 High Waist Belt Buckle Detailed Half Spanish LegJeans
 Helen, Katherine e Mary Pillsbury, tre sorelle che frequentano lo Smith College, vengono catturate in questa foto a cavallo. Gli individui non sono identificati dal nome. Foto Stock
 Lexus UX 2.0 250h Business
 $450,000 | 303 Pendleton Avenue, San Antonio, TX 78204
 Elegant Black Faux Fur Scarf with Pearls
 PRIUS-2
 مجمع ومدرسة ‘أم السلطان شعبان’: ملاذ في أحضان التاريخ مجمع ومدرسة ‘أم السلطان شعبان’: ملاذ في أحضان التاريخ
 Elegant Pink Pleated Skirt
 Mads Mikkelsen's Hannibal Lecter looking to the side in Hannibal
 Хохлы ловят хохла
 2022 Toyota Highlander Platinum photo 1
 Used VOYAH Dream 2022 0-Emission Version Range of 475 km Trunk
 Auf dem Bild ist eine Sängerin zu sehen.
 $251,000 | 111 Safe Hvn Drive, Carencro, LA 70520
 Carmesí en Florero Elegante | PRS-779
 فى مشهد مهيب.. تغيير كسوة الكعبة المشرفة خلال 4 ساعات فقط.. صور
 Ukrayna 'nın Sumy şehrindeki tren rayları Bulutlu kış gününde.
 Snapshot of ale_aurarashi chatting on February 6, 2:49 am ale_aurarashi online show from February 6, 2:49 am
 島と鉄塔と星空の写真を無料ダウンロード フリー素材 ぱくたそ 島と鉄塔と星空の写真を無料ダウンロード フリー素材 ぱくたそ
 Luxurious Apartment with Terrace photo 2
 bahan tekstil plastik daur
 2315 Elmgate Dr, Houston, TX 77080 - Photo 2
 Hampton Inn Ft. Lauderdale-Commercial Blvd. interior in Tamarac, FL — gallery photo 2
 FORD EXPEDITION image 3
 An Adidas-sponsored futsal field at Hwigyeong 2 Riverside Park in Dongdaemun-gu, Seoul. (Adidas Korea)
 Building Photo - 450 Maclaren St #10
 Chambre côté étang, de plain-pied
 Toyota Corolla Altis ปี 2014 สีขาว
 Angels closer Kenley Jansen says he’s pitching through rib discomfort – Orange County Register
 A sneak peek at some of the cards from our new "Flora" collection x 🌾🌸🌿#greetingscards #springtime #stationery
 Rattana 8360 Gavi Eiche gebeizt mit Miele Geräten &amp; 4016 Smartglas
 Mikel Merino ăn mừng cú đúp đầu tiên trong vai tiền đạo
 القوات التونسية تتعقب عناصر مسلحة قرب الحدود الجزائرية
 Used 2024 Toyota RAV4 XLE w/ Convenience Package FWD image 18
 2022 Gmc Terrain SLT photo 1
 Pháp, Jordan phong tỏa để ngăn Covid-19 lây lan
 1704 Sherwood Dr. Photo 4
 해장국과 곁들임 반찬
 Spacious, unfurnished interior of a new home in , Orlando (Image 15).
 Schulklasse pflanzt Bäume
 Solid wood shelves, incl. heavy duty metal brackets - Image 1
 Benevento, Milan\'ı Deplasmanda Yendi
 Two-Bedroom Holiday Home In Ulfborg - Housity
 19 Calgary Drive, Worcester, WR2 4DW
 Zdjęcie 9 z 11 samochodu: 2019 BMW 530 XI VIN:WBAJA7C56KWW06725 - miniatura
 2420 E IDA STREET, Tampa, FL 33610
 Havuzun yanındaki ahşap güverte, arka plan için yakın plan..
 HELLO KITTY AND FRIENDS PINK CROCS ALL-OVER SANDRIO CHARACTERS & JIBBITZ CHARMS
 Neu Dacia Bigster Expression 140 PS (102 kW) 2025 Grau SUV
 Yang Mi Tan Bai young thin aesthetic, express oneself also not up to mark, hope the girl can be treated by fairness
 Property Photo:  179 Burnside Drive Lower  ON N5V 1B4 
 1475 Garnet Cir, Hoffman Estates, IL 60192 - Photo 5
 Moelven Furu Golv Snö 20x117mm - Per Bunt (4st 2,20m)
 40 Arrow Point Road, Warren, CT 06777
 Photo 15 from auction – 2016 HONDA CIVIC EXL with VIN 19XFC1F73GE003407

- - -

Exercise instructions: With the line holding "HELLO KITTY AND" as the first and the line holding "Moelven Furu Golv" as the last, set down that range of the entries above exactly, and nothing else.

Answer box:
 HELLO KITTY AND FRIENDS PINK CROCS ALL-OVER SANDRIO CHARACTERS & JIBBITZ CHARMS
 Neu Dacia Bigster Expression 140 PS (102 kW) 2025 Grau SUV
 Yang Mi Tan Bai young thin aesthetic, express oneself also not up to mark, hope the girl can be treated by fairness
 Property Photo:  179 Burnside Drive Lower  ON N5V 1B4 
 1475 Garnet Cir, Hoffman Estates, IL 60192 - Photo 5
 Moelven Furu Golv Snö 20x117mm - Per Bunt (4st 2,20m)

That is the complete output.